Reproduce exactly, and only, the lines of the material below running from the line bearing "Professional male lawyer" through the line bearing "Pair of black". Leave any pictures out.

RECORDS
___

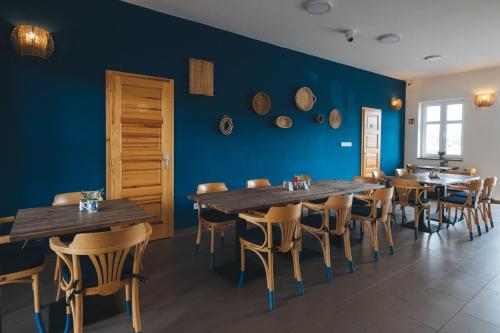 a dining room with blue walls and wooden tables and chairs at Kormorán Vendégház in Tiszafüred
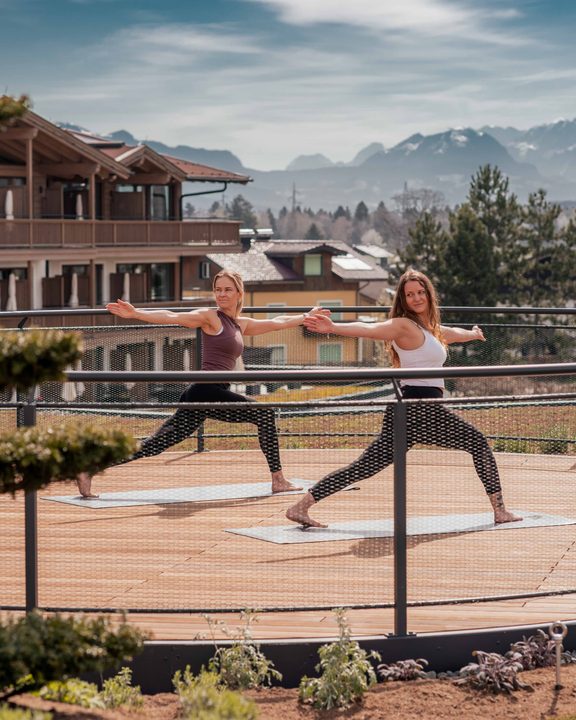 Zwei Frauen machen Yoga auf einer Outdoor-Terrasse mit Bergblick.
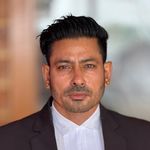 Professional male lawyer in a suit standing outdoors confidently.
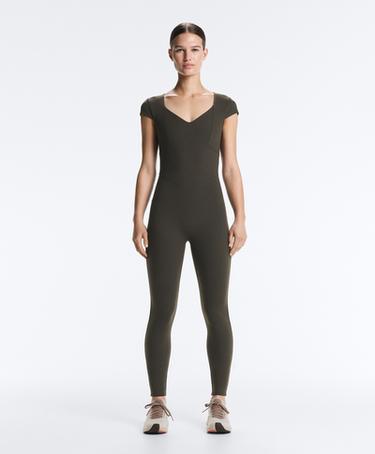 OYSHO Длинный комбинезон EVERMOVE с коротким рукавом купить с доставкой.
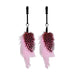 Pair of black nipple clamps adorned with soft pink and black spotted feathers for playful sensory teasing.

___

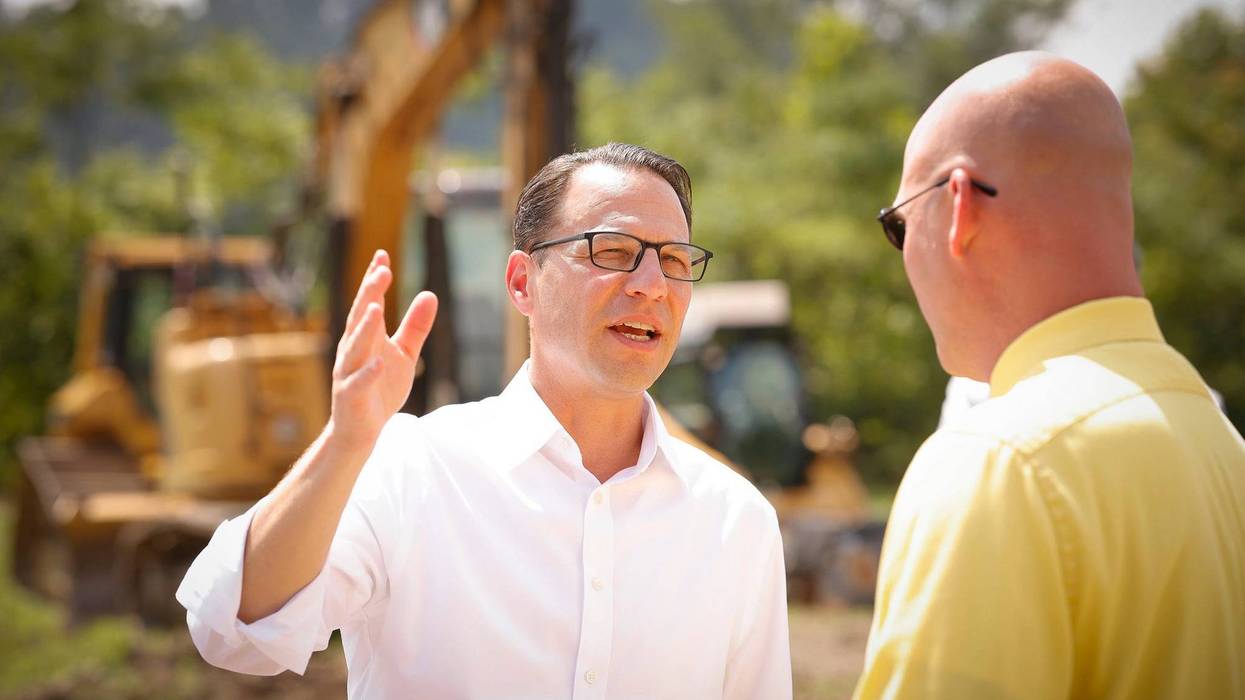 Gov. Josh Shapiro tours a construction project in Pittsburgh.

___

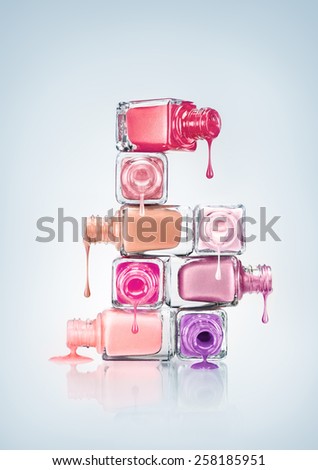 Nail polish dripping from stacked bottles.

___

ANSWER SPACE
 Professional male lawyer in a suit standing outdoors confidently.
 OYSHO Длинный комбинезон EVERMOVE с коротким рукавом купить с доставкой.
 Pair of black nipple clamps adorned with soft pink and black spotted feathers for playful sensory teasing.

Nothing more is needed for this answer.